China’s property development glory days are over, Vanke says

China Vanke has said it will give more weight to real estate management and services,

China Vanke has said it will give more weight to real estate management and services, as the country’s largest property developers tweak business models to bolster profitability amid tighter government restrictions on borrowing.

The move heralds a shift away from the Hong Kong- and Shenzhen-listed company’s focus on real estate development in favor of a multipronged approach that balances other aspects of its business, management said at Vanke’s annual general meeting on Tuesday.

“It’s getting harder to make money from the development business,” said President and CEO Zhu Jiusheng at the shareholders meeting. The company’s property management and services businesses need to make breakthroughs in concepts, technology and implementation, he said.

China’s largest developer by market value is trying to ease reliance on its core property development business amid heightened official scrutiny. It is also working with an adviser to prepare for a potential $2 billion listing of its management arm in Hong Kong.

Since halting unproven new ventures in 2018, Vanke has consolidated its core business around real estate development, subordinating other interests like property services, logistics and storage.

But the development-oriented strategy has clashed with government rules issued last year known as the “three red lines,” which slapped new borrowing limits on some major property companies in a highly indebted sector that accounts for around 29% of China’s economic output.

Vanke has also grappled with lower profitability, partly due to rising land prices. The company’s development arm accounted for 96% of total revenue last year but saw gross profit margin fall 4.6 percentage points to 22.6%, while its fully diluted earnings on assets also declined 2.2 percentage points to 18.5%.

“Vanke should no longer be greedy and nostalgic for the high-margin real estate era of the past,” said Yu Liang, Vanke’s chairman of the board. “For this reason, Vanke must shift from real estate headquarters to group headquarters and put efforts into transformation and development.”

“In the past, the key to [property] development was getting hold of the money, buying the right land, getting the product right, and setting the right standards,” Zhu told the meeting. “But management-oriented services don’t make as much money, and customer needs are constantly shifting.
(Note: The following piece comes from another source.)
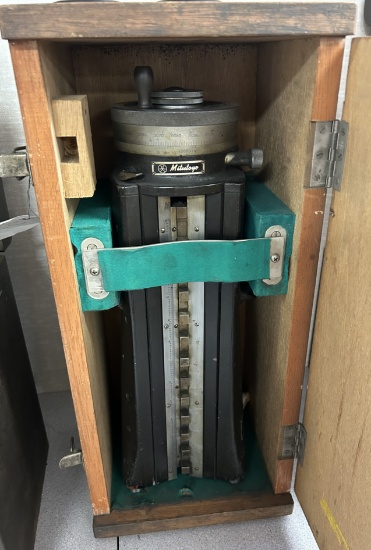 Mitutoyo Height Master Gage With Wood Case.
We should make changes in our iteration cycles and in discerning the needs of customers.”

Property management and services both face the problem of low returns, Zhu added. “If you use an asset-light model, it’s not easy to increase revenue and profit. And if you use an asset-heavy model, the net income from operations depends on whether you can cover the cost of capital, otherwise it won’t create value for shareholders.”

The three red lines restrict access to financing for certain major property developers unless they have a liability-to-asset ratio of less than 70%, excluding advance proceeds from projects sold on contract; a net debt-to-equity ratio of under 100%; and cash holdings that are at least equal to short-term debt.
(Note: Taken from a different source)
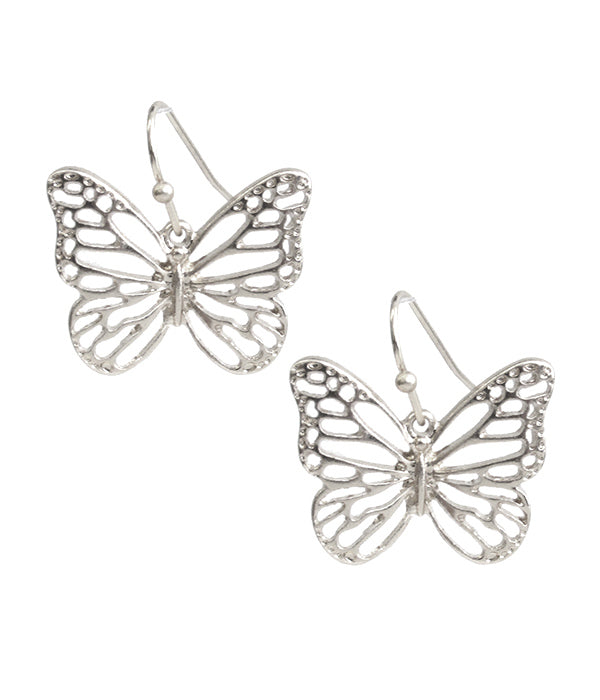 Filigree Butterfly Silver Earrings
Developers have responded by slashing leverage, spinning off noncore assets, and attempting to raise equity for affiliates in an effort to shore up balance sheets. The strategy appears to be working, with developers’ net borrowing turning positive in April for the first time in nine months, thanks to having significantly less debt to pay back.

Despite failing to meet each of the red-line metrics last year, China Evergrande Group, the country’s most indebted developer, issued 8.2 million yuan in bonds that month, followed by Vanke, which issued 5.4 billion yuan.

Evergrande has since shown other signs that its short-term debt burden is easing. But concerns about its financial health persist, with Moody’s Investors Service downgrading the company to a B2 rating this week, citing its “weakened funding access and reduced liquidity buffer given its large debt maturities in the coming 12-18 months.”